● **Data extract**:
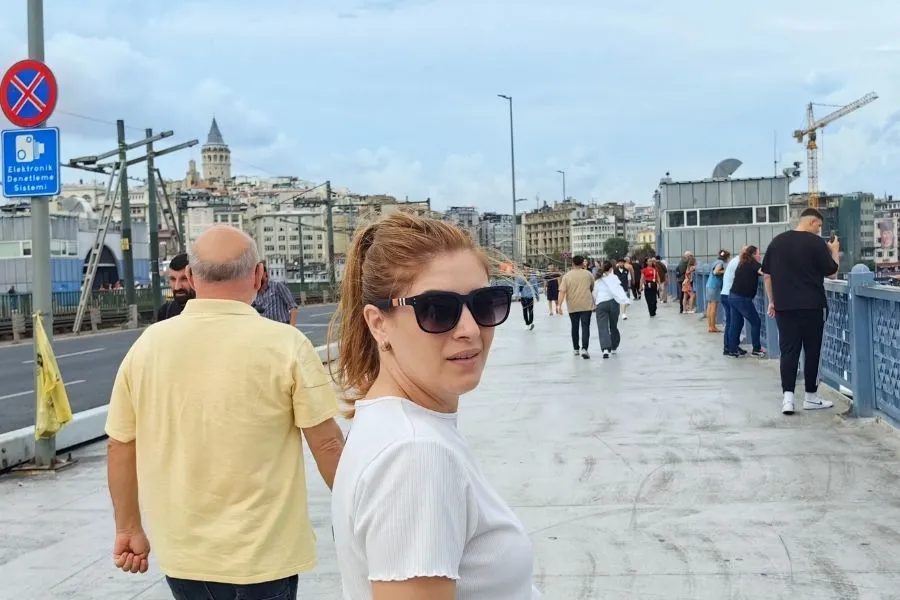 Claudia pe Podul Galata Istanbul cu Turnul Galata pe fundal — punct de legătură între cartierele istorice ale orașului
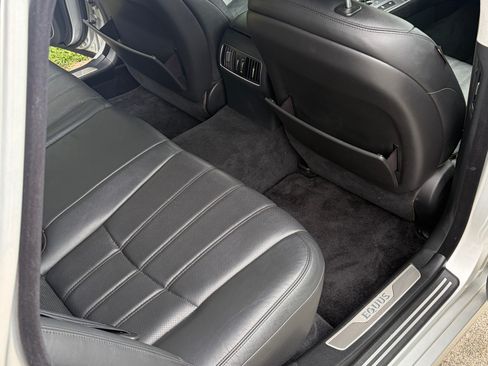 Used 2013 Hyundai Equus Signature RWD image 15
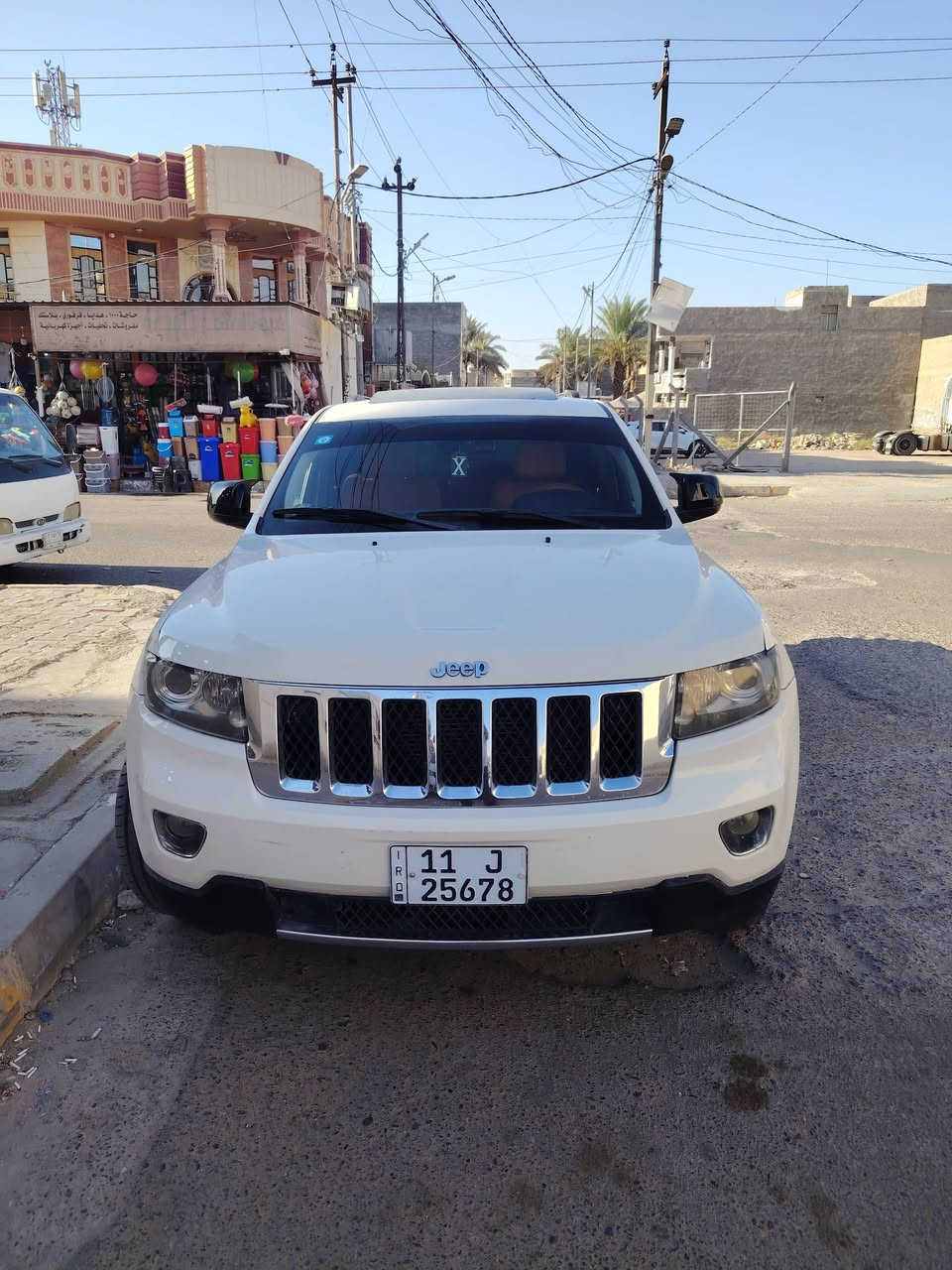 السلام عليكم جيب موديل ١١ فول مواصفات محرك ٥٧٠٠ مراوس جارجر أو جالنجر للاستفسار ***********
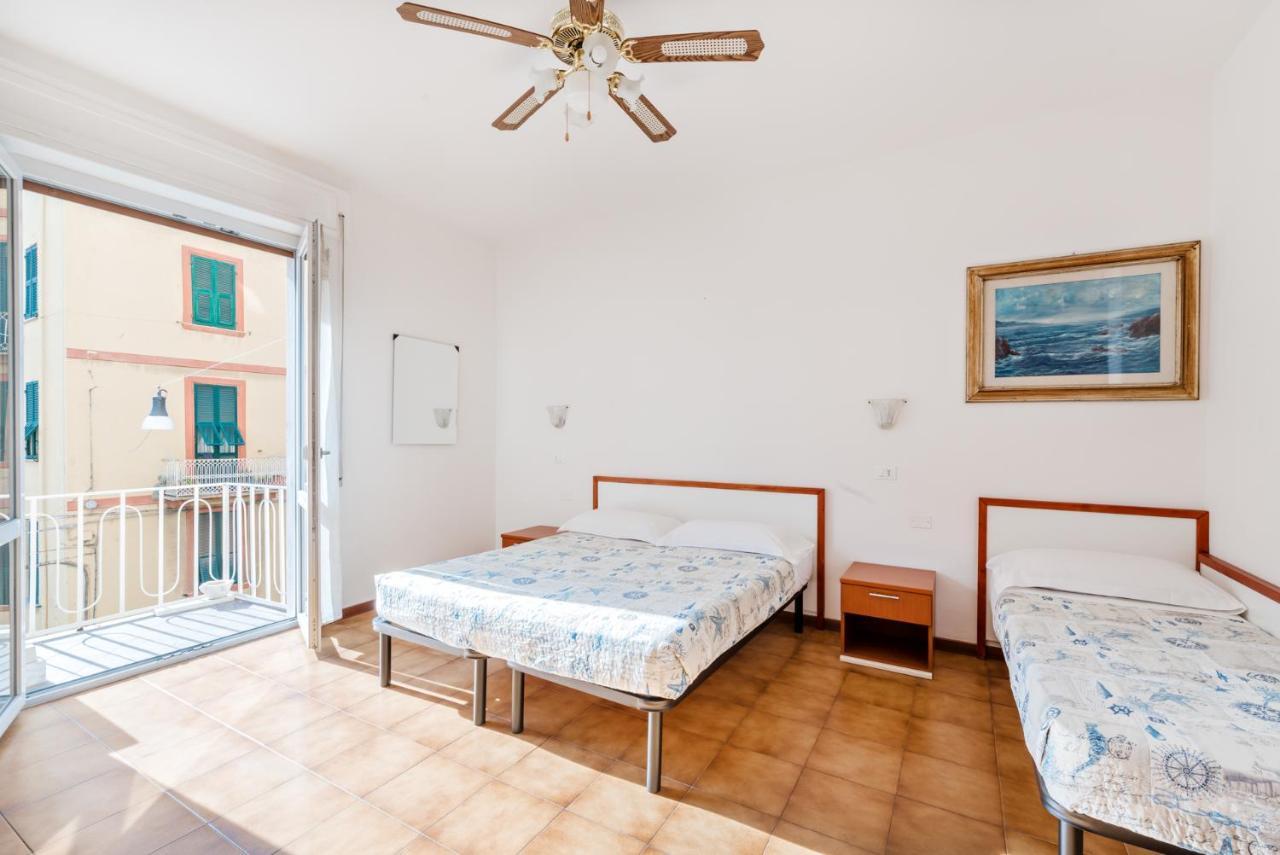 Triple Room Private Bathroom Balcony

● **Instructions to follow**: In your copy, reproduce the data above exactly and skip every picture.

● **Response area**:
 Claudia pe Podul Galata Istanbul cu Turnul Galata pe fundal — punct de legătură între cartierele istorice ale orașului
 Used 2013 Hyundai Equus Signature RWD image 15
 السلام عليكم جيب موديل ١١ فول مواصفات محرك ٥٧٠٠ مراوس جارجر أو جالنجر للاستفسار ***********
 Triple Room Private Bathroom Balcony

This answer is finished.